» TASK INSTRUCTIONS: From the records below, transcribe exactly the lines that begin at the line with "Image result for" and end at the line with "Wykopany rów melioracyjny", both included.
______
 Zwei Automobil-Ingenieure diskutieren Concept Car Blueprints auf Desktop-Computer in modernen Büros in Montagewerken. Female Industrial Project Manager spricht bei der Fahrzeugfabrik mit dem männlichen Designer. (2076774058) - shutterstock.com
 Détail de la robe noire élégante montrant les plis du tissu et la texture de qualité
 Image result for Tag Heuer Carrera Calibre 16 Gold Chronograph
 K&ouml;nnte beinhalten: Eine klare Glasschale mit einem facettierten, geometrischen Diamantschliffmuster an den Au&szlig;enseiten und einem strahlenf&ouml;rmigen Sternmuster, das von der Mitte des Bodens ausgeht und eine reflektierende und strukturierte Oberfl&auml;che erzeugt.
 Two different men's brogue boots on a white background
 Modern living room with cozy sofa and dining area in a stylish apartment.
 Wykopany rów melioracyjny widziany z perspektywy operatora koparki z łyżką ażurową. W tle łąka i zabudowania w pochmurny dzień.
______
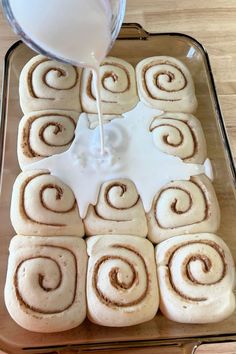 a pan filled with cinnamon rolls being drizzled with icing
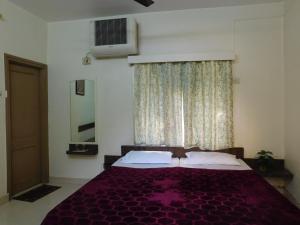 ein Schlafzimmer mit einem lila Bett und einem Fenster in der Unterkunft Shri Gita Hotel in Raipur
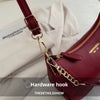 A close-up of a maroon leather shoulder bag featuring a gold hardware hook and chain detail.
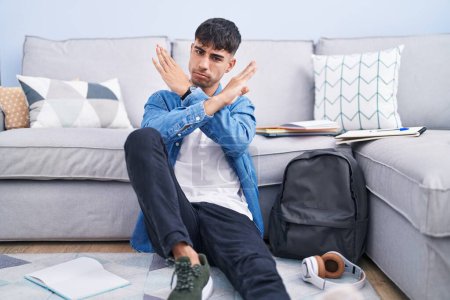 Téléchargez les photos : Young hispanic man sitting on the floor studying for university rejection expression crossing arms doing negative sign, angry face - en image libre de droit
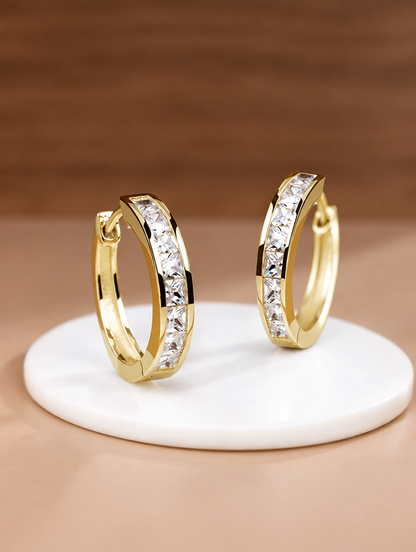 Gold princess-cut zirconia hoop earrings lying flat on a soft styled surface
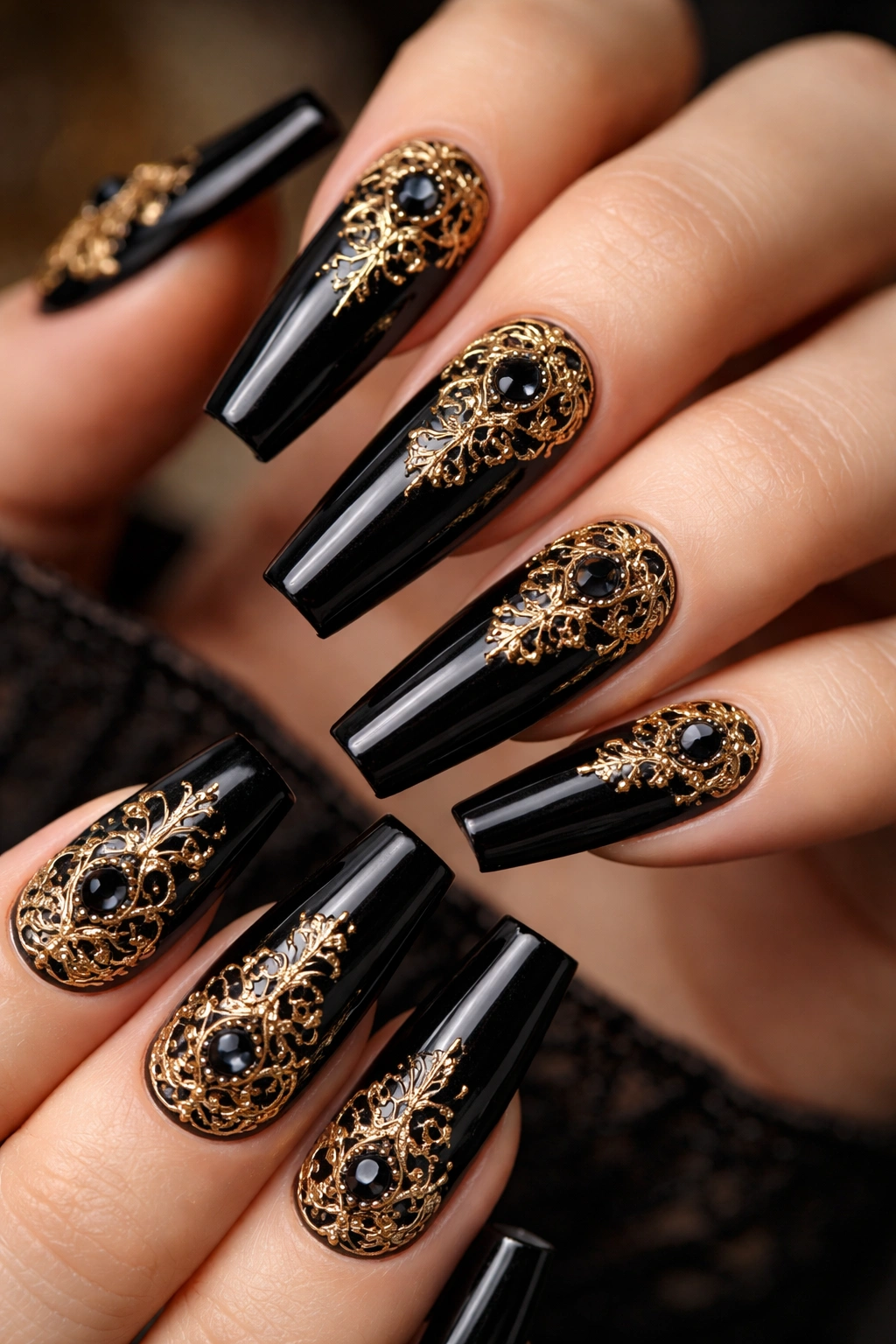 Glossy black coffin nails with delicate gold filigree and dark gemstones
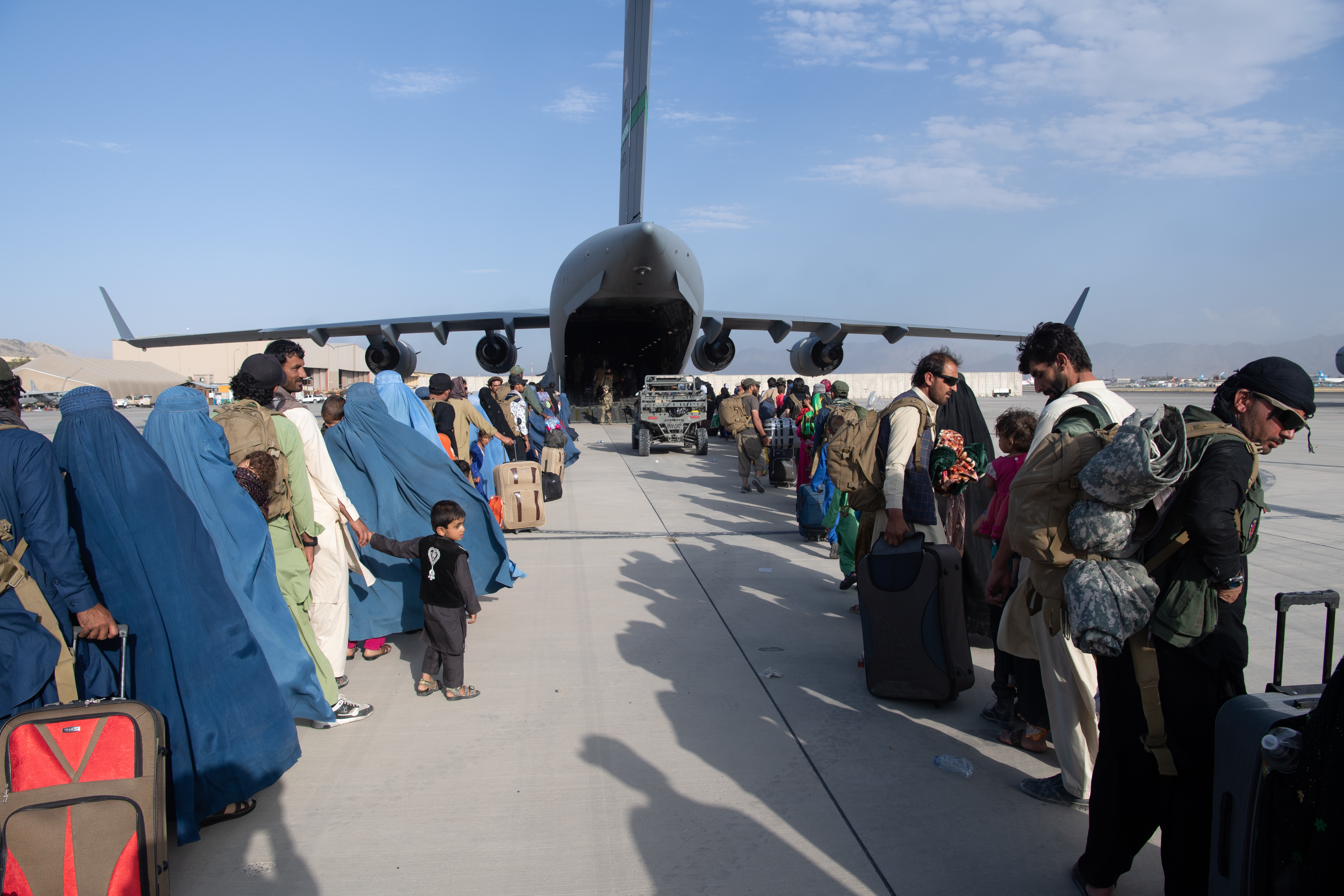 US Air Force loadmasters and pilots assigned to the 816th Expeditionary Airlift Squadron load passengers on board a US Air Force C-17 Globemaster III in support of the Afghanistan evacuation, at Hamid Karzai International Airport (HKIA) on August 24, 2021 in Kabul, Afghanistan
______
» FINAL ANSWER:
 Image result for Tag Heuer Carrera Calibre 16 Gold Chronograph
 K&ouml;nnte beinhalten: Eine klare Glasschale mit einem facettierten, geometrischen Diamantschliffmuster an den Au&szlig;enseiten und einem strahlenf&ouml;rmigen Sternmuster, das von der Mitte des Bodens ausgeht und eine reflektierende und strukturierte Oberfl&auml;che erzeugt.
 Two different men's brogue boots on a white background
 Modern living room with cozy sofa and dining area in a stylish apartment.
 Wykopany rów melioracyjny widziany z perspektywy operatora koparki z łyżką ażurową. W tle łąka i zabudowania w pochmurny dzień.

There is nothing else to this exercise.